Charlie heads back inside, where we find out he's at big party at Will's place! Unfortunately, someone invited MacKenzie, who nags Will to make a little speech. Will would rather not. He doesn't have a choice. Somehow, against his will, he's been made to throw a party in his apartment for his horrible employees on a Sunday night and now he has to talk to them. Will says this is "just like in [his] nightmares." Like, don't think you're so special there, Will. I too have nightmares concerning people on this show. Like all this week I had these recurring dreams where I really, really wanted to watch the Olympics but I can't because I have to recap this show instead. Terrifying!
While Rodney Dangerfield Guy (wearing his best casual duds) looks on, Will says this party is in honor of the new NewsNight's one year and one week anniversary. They couldn't even get an anniversary party right. I'll bet Maggie planned this. Or MacKenzie. Whoever it was, you can bet she was female. A bunch of idiots clap and raise their glasses to "NewsNight 2.0," which has yet to be not lame and Will says they're probably on NewsNight 174.0 by now. "I'm confident we're gonna get it right one of these days," he adds. I'm not so confident.
Neal, Kendra, Gary Cooper, Martin, Tess and Julie Cooper play Celebrity.
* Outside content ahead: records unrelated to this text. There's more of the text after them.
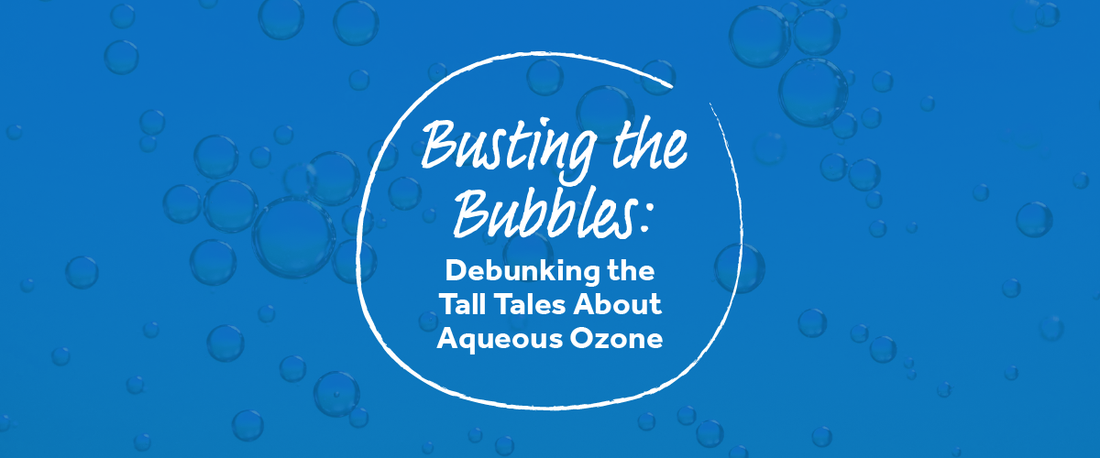 Busting the Bubbles: Debunking the Tall Tales About Aqueous Ozone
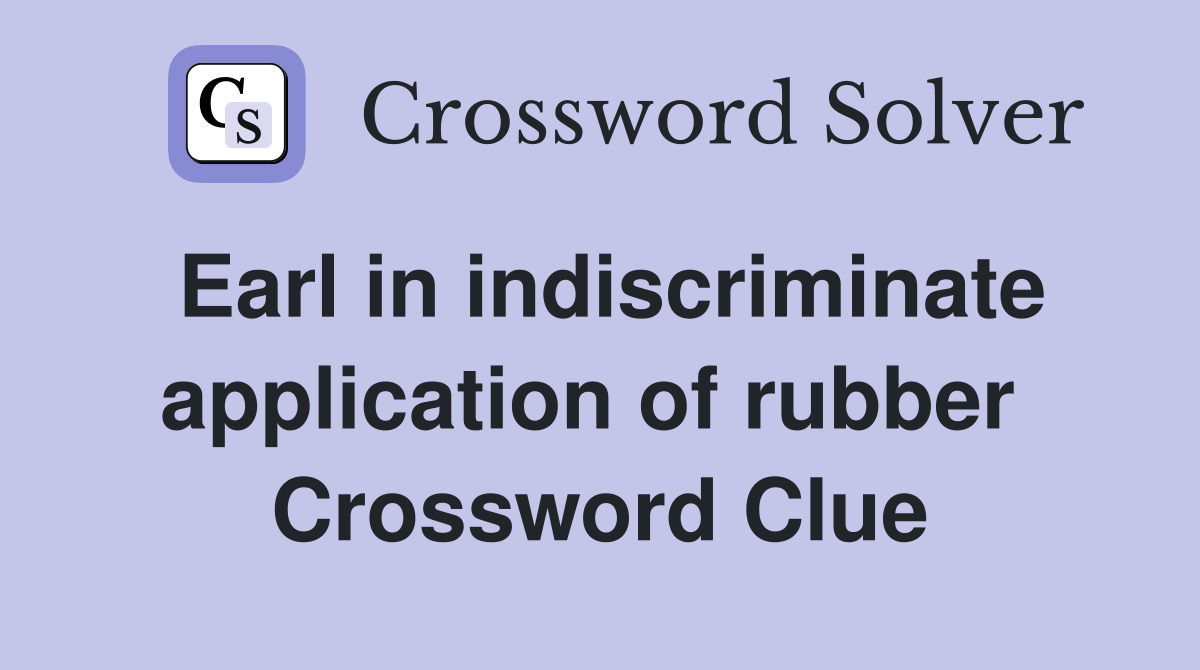 Earl in indiscriminate application of rubber  Crossword Clue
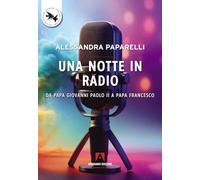 Una notte in radio. Da Papa Giovanni Paolo II a Papa Francesco (I Ciclidi)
Julie Cooper thinks Christian Bale is an Australian woman who starred in the Spiderman franchise. Tess thinks she's really cool when she informs Julie Cooper that Christian Bale is "English." He's not. He's Welsh. I mean, he was born in Wales, but his parents were English and he was raised in England. So maybe he is English? Best to go with "British." All-encompassing. I only know all of this because my roommate is an avid Christian Bale fan.